INSTRUCTIONS FOR THE TASK => Two lines in the data below mark the range: the one with "Plateau bougeoir 5" and the one with "Sheila Dikshit with". Return both, along with every line between them, exactly.

DATA LISTING =>
=== Section Start ===
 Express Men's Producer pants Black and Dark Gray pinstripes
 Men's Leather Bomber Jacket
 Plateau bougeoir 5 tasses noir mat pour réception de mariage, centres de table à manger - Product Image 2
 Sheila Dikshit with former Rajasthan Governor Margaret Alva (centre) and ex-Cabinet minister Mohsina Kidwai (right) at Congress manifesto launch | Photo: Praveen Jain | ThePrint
=== Section End ===
=== Section Start ===
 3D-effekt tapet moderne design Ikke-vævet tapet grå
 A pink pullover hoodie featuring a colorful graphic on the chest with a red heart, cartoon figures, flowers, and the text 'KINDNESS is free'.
=== Section End ===
EXERCISE OUTPUT =>
 Plateau bougeoir 5 tasses noir mat pour réception de mariage, centres de table à manger - Product Image 2
 Sheila Dikshit with former Rajasthan Governor Margaret Alva (centre) and ex-Cabinet minister Mohsina Kidwai (right) at Congress manifesto launch | Photo: Praveen Jain | ThePrint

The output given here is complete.